In the data below, repeat the line containing "Sectional drawing of" and every following line exactly, up to and including the last line. Exclude pictures.

◆ DATASET EXTRACT
○ ○ ○ ○

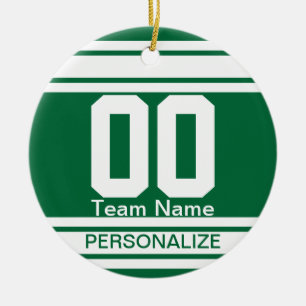 Sport Jersey White Stripes   DIY Text   Dark Green Ceramic Tree Decoration
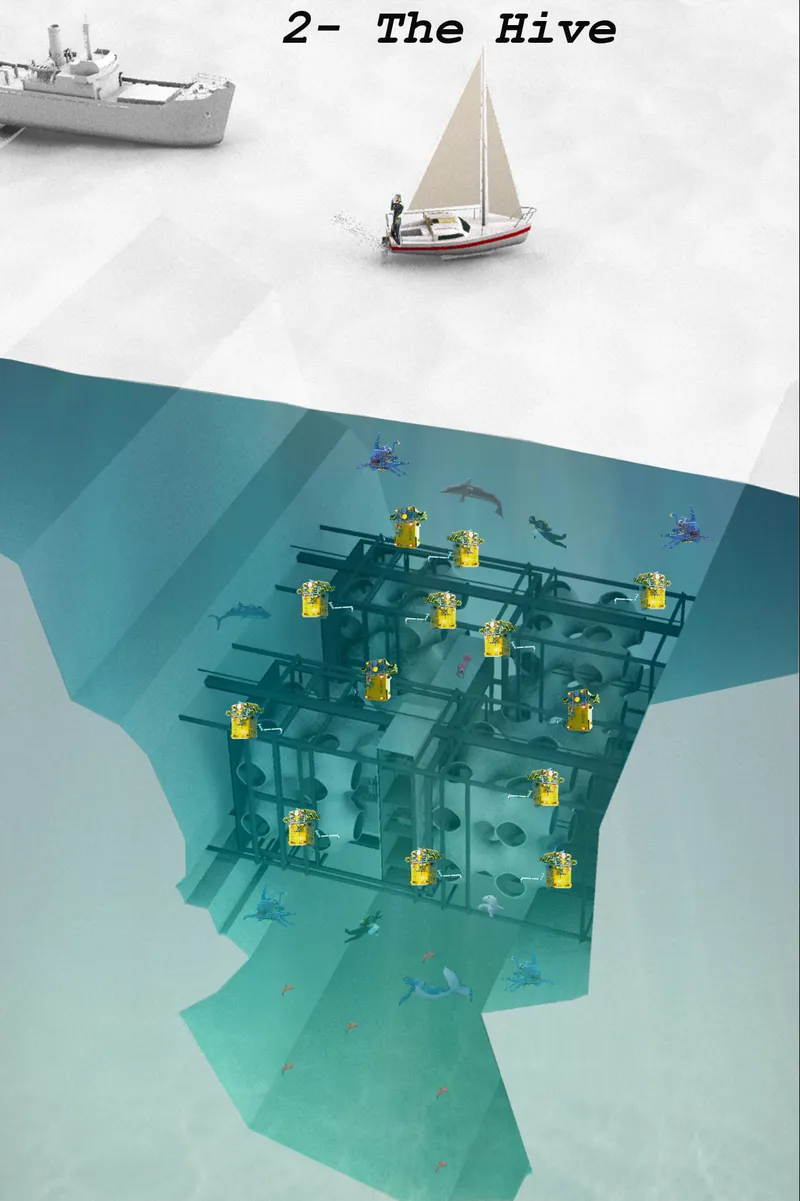 Sectional drawing of a submerged modular grid structure with vertical elements beneath a sailboat at the surface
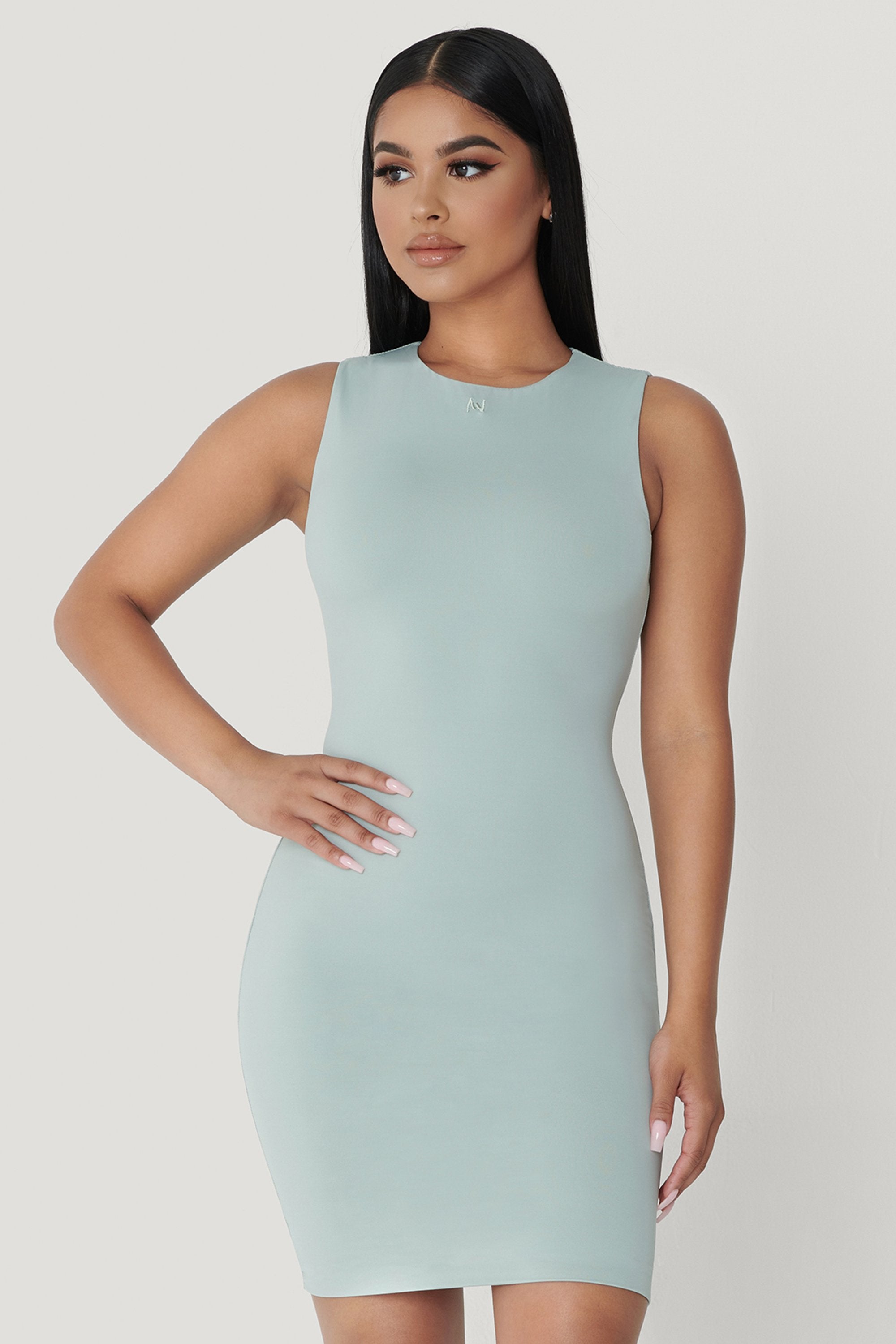 teal sleeveless dress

○ ○ ○ ○

◆ WRITTEN RESPONSE
 Sectional drawing of a submerged modular grid structure with vertical elements beneath a sailboat at the surface
 teal sleeveless dress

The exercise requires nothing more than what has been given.